** Opening Source material block **

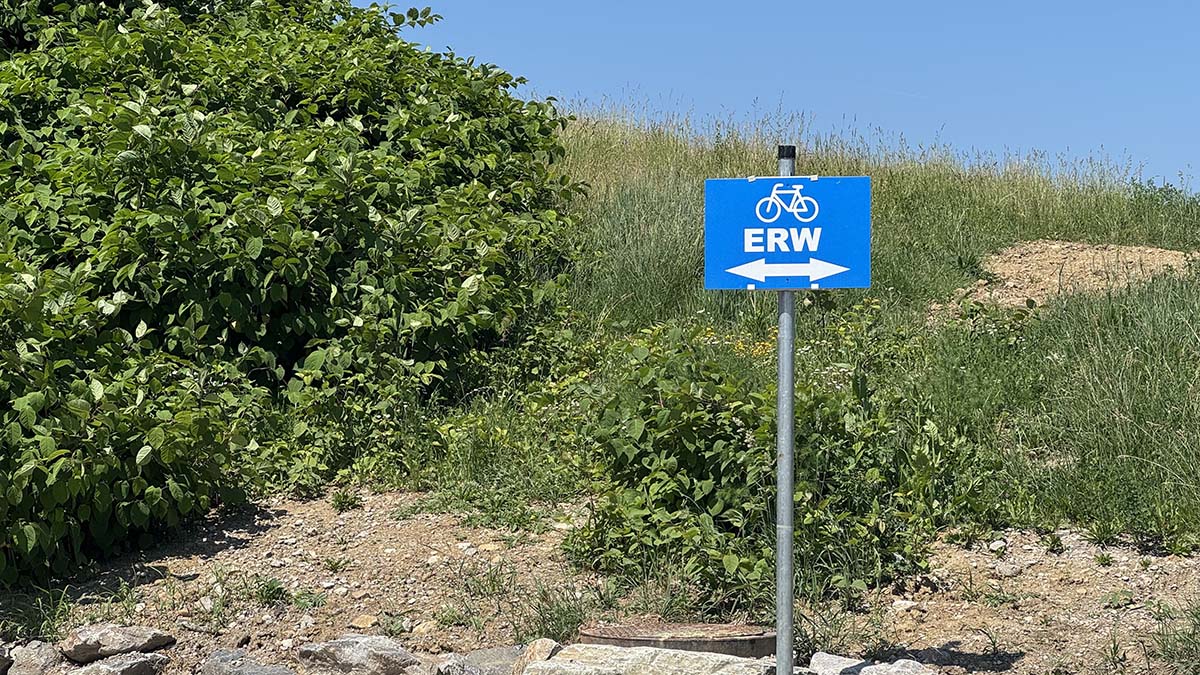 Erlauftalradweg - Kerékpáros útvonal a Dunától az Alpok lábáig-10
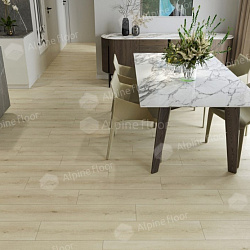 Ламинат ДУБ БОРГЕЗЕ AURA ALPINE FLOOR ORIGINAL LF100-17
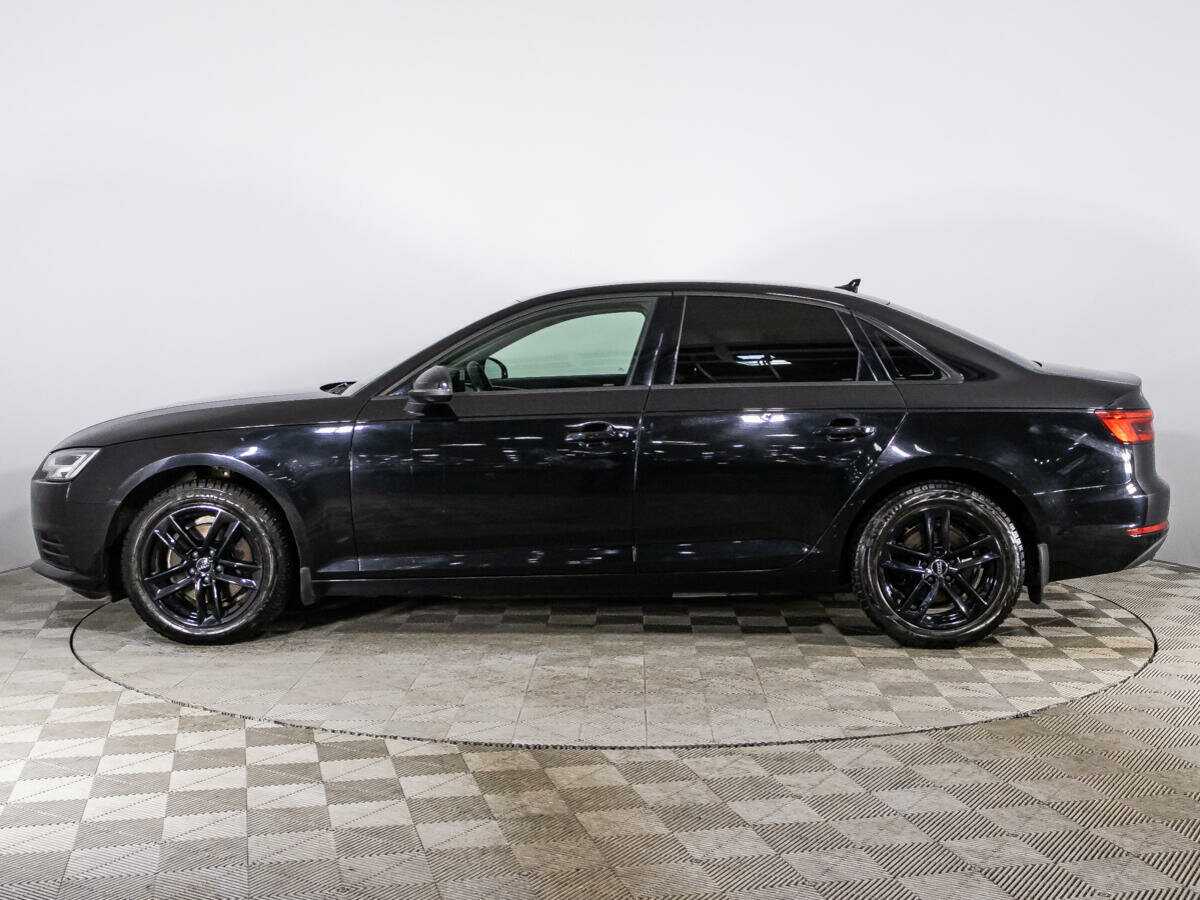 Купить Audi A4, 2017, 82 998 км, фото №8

** Closing Source material block **
** Opening Source material block **

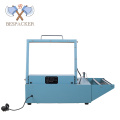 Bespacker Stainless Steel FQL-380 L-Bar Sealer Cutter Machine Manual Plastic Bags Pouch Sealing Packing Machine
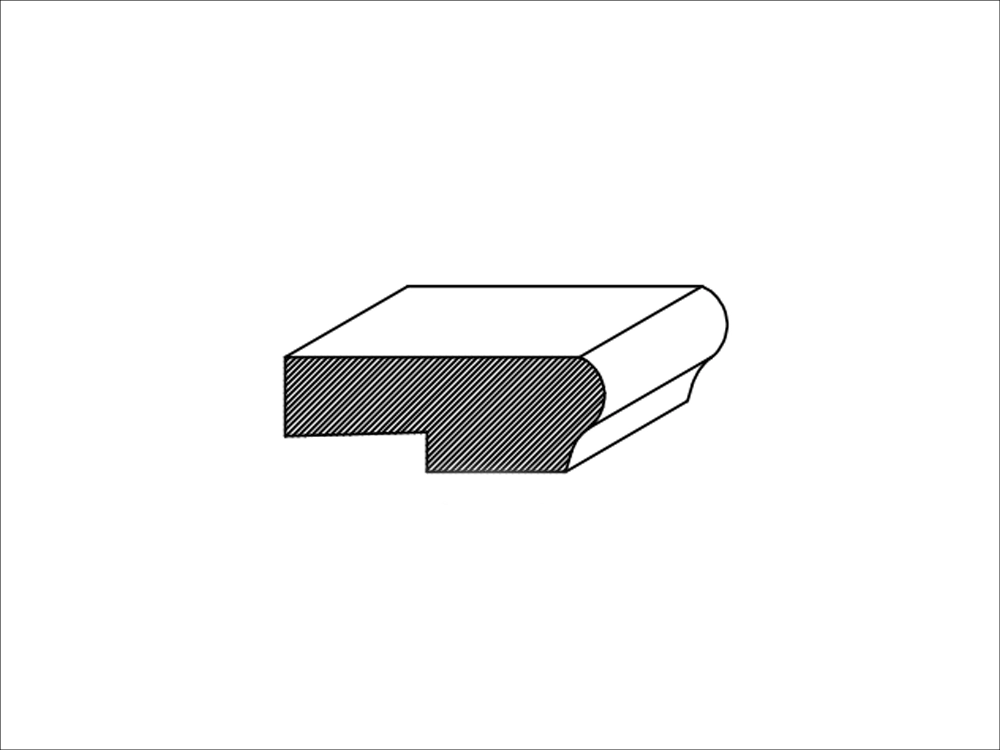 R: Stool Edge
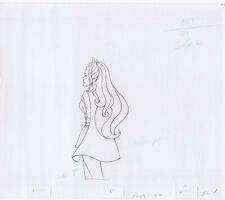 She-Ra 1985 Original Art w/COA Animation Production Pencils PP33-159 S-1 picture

** Closing Source material block **

Copy back exactly the lines above from the one containing "R: Stool Edge" through the one containing "She-Ra 1985 Original", and leave every picture behind.

 R: Stool Edge
 She-Ra 1985 Original Art w/COA Animation Production Pencils PP33-159 S-1 picture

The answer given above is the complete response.